Therefore, friends, let us shape our conduct as a nation in accordance with the highest rules of international morality. Let us treat others justly and keep the engagements we have made, such as these in The Hague conventions, to secure just treatment for others. But let us remember that we shall be wholly unable to render service to others and wholly unable to fulfill the prime law of national being, the law of self-preservation, unless we are thoroughly prepared to hold our own. Let us show that a free democracy can defend itself successfully against any organized and aggressive military despotism."

The men in the camp heard him gladly and with enthusiasm. But the next day the Secretary of War sent a telegram of censure to General Wood in which he said:

"I have just seen the reports in the newspapers of the speech made by ex-President Roosevelt at the Plattsburg camp. It is difficult to conceive of anything which could have a more detrimental effect upon the real value of this experiment than such an incident . . . . No opportunity should have been furnished to any one to present to the men any matter excepting that which was essential to the necessary training they were to receive. Anything else could only have the effect of distracting attention from the real nature of the experiment, diverting consideration to issues which excite controversy, antagonism, and ill feeling and thereby impairing if not destroying, what otherwise would have been so effective."

On this telegram Roosevelt's comment was pungent: "If the Administration had displayed one-tenth the spirit and energy in holding Germany and Mexico to account for the murder of men, women, and children that it is now displaying in the endeavor to prevent our people from being taught the need of preparation to prevent the repetition of such murders in the future, it would be rendering a service to the people of the country."

Theodore Roosevelt could have little effect upon the material preparedness of the United States for the struggle which it was ultimately to enter. But he could and did have a powerful effect upon the spiritual preparedness of the American people for the efforts, the trials, and the sacrifices of that struggle. No voice was raised more persistently or more consistently than his. No personality was thrown with more power and more effect into the task of arousing the people of the United States to their duty to take part in the struggle against Prussianism. No man, in public or private life, urged so vigorously and effectively the call to arms against evil and for the right. His was the "voice crying in the wilderness," and to him the American spirit hearkened and awoke.
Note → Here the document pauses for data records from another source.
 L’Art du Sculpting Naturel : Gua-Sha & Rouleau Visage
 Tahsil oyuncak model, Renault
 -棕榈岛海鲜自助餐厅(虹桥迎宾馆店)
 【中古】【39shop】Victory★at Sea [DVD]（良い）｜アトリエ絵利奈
At last the moment came. Roosevelt had but one desire and one thought. He wanted to get to the firing-line. This was no impulse, no newly formed project. For two months he had been in correspondence with the Secretary of War on the subject. A year or more before that he had offered, in case America went into the war, to raise a volunteer force, train it, and take it across to the front. The idea was not new to him, even then. As far back as 1912 he had said on several different occasions, "If the United States should get into another war, I should raise a brigade of cavalry and lead it as I did my regiment in Cuba." It never occurred to him in those days that a former Commander-in-Chief of the United States Army, with actual experience in the field, would be refused permission to command troops in an American war. The idea would hardly have occurred to any one else. But that is precisely what happened.
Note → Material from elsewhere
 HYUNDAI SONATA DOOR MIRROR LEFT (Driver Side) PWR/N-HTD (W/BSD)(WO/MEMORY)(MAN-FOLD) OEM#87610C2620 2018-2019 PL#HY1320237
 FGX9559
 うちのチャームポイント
On February 2, 1917, Roosevelt wrote to the Secretary of War reminding him that his application for permission to raise a division of infantry was already on file in the Department, saying that he was about to sail for Jamaica, and asking the Secretary to inform him if he believed there would be war and a call for volunteers, for in that case he did not intend to sail. Secretary Baker replied, "No situation has arisen which would justify my suggesting a postponement of the trip you propose." Before this reply was received Roosevelt had written a second letter saying that, as the President had meanwhile broken off diplomatic relations with Germany, he should of course not sail. He renewed his request for permission to raise a division, and asked if a certain regular officer whom he would like to have for his divisional Chief of Staff, if the division were authorized, might be permitted to come to see him with a view to "making all preparations that are possible in advance." To this the Secretary replied, "No action in the direction suggested by you can be taken without the express sanction of Congress. Should the contingency Occur which you have in mind, it is to be expected that Congress will complete its legislation relating to volunteer forces and provide, under its own conditions, for the appointment of officers for the higher commands."
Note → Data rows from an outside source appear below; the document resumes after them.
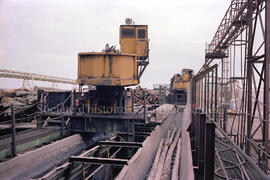 Extérieur de l’usine Domtar à Lebel-sur-Quévillon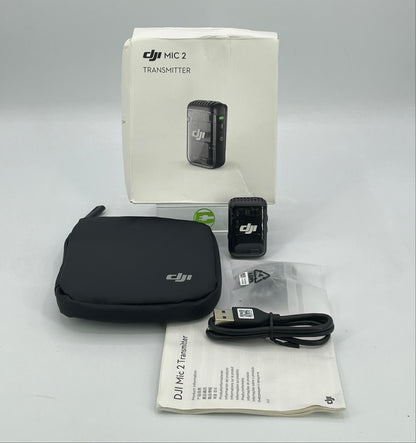 DJI Mic 2 Transmitter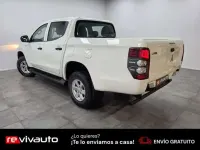 Usado Mitsubishi L200 150 CV (110 kW) 2022 Blanco Pickup/Camioneta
Roosevelt waited five weeks and then earnestly renewed his request. He declared his purpose to take his division, after some six weeks of preliminary training, direct to France for intensive training so that it could be sent to the front in the shortest possible time. Secretary Baker replied that no additional armies could be raised without the consent of Congress, that a plan for a much larger army was ready for the action of Congress when ever required, and that the general officers for all volunteer forces were to be drawn from the regular army. To this Roosevelt replied with the respectful suggestion that, as a retired Commander-in-Chief of the United States Army, he was eligible to any position of command over American troops. He recounted also his record of actual military experience and referred the Secretary to his immediate superiors in the field in Cuba as to his fitness for command of troops.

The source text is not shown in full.